The D.U.C.A. Award

Scouting can be a wonderful experience. You can learn so much as a Scout, to the point where you can use your Scouting years to become an incredible adult.

I really wish I had those experiences. I really do.

Unfortunately, my experience with Scouting was absolutely poor and unacceptable.

And before someone worries that this is going to lead to a story involving any sort of sexual abuse … no. This is an emotional abuse story, plain and simple.

We’re going back to the mid-1970’s. My mother thought it would be a wonderful idea to have me join the local scouting troop. I believe it was Troop 95 from South Colonie. We met on Friday nights at the Veeder Elementary School gymnasium for scouting events – and eventually we also attended various campouts.

I was not prepared for campouts. I was barely emotionally prepared for Scouting – especially when some of the members of Troop 95 were also the same kids who bullied me as a student. So, yeah. And I knew that the campouts were really disguised sleepaway camps so that my parents could have a few days away from me. Yeah, thanks.

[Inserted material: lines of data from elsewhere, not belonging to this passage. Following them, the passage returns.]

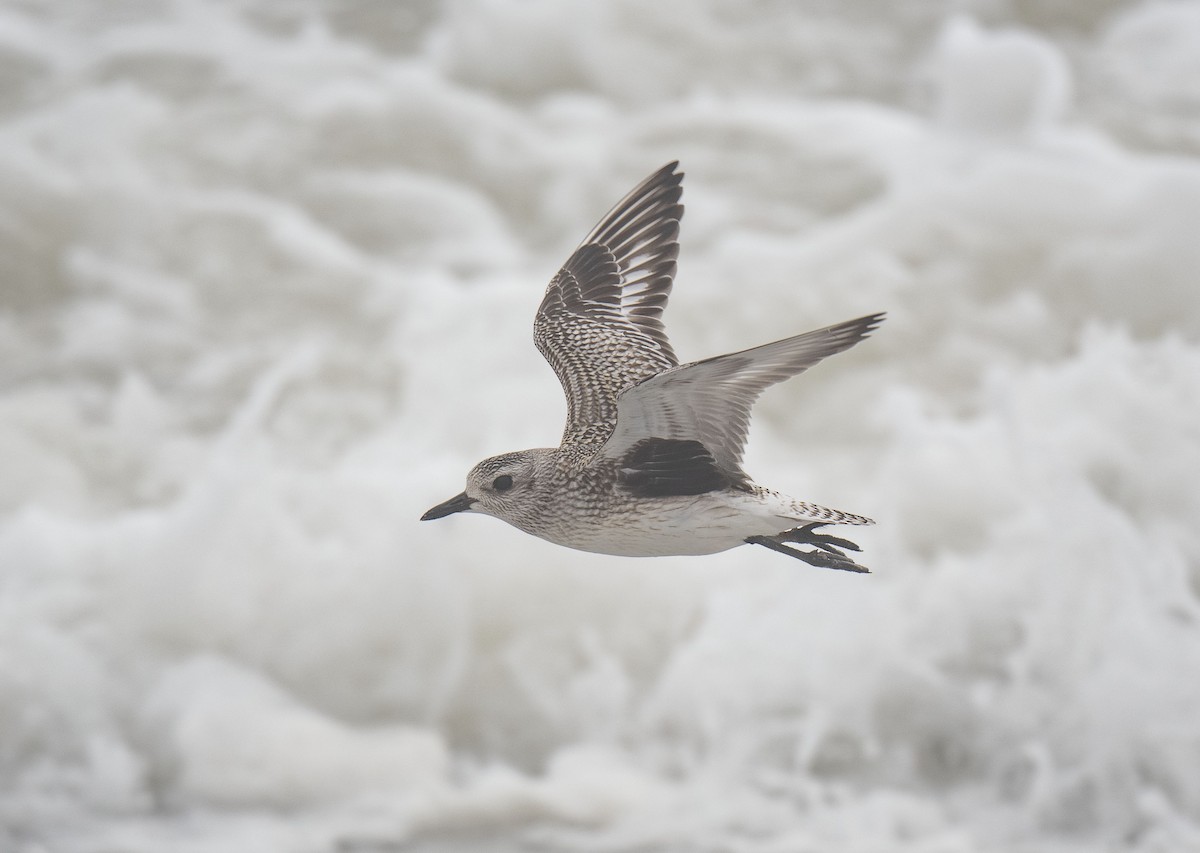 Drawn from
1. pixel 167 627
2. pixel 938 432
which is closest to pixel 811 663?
pixel 938 432

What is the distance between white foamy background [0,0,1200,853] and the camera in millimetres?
7324

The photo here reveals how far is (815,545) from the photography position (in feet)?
12.5

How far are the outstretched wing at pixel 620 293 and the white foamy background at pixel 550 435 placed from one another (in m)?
3.08

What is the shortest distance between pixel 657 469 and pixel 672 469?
0.04m

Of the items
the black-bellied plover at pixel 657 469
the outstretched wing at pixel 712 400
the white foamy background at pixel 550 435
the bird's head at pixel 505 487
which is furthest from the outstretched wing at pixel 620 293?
the white foamy background at pixel 550 435

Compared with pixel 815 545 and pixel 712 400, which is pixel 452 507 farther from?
pixel 815 545

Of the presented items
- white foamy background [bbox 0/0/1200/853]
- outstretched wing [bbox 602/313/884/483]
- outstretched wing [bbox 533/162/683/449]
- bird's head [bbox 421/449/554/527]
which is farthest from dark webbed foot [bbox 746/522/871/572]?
white foamy background [bbox 0/0/1200/853]

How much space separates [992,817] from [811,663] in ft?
3.58

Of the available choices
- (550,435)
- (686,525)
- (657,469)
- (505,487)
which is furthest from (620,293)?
(550,435)

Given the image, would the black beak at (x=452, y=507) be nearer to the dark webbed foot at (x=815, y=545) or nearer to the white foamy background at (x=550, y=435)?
the dark webbed foot at (x=815, y=545)

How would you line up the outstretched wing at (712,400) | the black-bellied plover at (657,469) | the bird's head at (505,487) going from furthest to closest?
the bird's head at (505,487) < the black-bellied plover at (657,469) < the outstretched wing at (712,400)

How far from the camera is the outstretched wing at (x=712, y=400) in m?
3.18

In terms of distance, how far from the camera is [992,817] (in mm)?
7309

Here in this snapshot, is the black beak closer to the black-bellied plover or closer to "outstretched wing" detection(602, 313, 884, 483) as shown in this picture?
the black-bellied plover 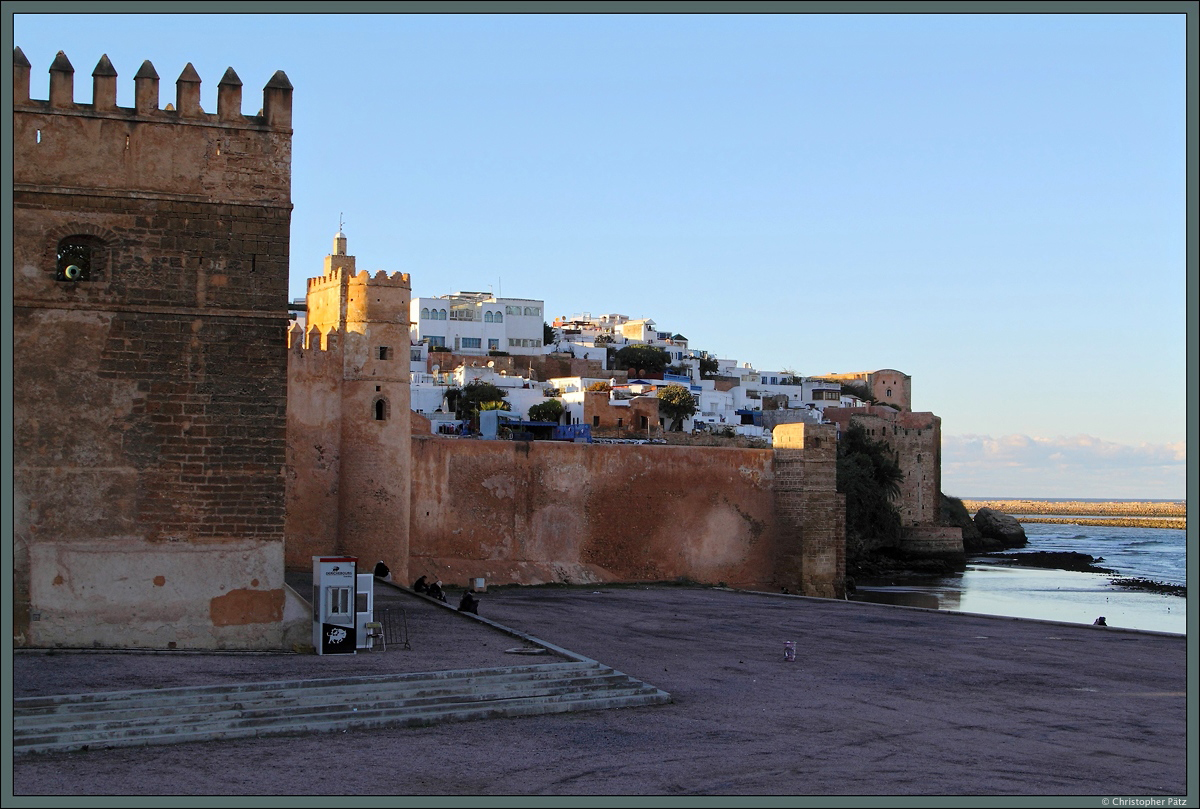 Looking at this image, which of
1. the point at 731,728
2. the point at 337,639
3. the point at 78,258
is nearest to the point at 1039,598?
the point at 337,639

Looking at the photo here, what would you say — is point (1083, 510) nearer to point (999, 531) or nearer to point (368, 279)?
point (999, 531)

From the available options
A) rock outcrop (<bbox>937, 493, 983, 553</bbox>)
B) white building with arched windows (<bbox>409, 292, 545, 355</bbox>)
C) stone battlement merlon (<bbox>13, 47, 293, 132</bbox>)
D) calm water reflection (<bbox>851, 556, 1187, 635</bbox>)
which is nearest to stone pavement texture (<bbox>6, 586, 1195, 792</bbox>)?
stone battlement merlon (<bbox>13, 47, 293, 132</bbox>)

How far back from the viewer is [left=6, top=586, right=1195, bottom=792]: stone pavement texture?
828 cm

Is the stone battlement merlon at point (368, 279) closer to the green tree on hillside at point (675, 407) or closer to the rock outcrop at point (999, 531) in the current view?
the green tree on hillside at point (675, 407)

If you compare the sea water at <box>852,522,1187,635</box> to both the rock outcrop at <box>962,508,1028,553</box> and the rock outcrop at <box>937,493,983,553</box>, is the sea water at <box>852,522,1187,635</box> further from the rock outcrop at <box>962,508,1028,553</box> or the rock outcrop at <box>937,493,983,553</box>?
the rock outcrop at <box>962,508,1028,553</box>

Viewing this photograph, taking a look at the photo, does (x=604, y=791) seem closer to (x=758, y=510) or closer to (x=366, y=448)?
(x=366, y=448)

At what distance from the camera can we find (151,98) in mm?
12672

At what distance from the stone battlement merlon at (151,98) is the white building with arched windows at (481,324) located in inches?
2027

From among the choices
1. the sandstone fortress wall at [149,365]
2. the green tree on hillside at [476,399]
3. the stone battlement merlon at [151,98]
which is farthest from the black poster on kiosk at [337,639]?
the green tree on hillside at [476,399]

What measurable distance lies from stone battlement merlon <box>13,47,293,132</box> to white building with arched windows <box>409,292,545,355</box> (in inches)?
2027

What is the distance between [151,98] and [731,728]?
26.8 ft

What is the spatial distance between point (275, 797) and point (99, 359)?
241 inches

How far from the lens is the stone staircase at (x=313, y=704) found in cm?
911

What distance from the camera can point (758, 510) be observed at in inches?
1144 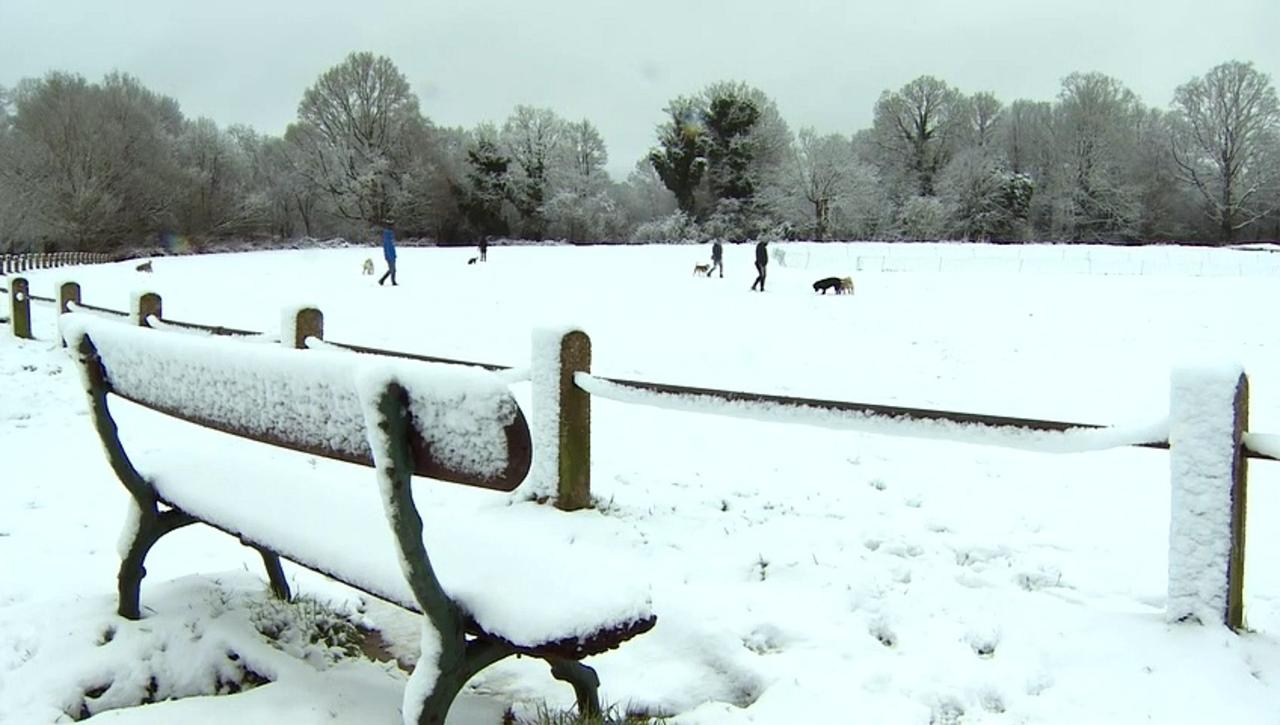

I tried to make it through campouts, but it wasn’t easy. Trust me. I already had enough emotional damage and baggage from my family, and that already made me a socially awkward kid. But I tried to be a decent Scout. I really did. I read the handbooks. I tried to figure out orienteering with a compass. I even tried the concept of totemship – or “Totin’ Chip” – or whatever it was called, where you actually learned the proper way to handle a Scouting knife and an axe and whatever else cut things.

But yeah … I was not cut out for Scouting.

And at one major campout … I got the message, loud and clear.

It was the last night of a campout, I think it was at Camp Stratton, if I remember correctly. Seven days of being in the woods, seven days of just not fitting in. There were other Scouts who had no use for me, and the Scoutmasters didn’t really have time to take me aside and explain things to me.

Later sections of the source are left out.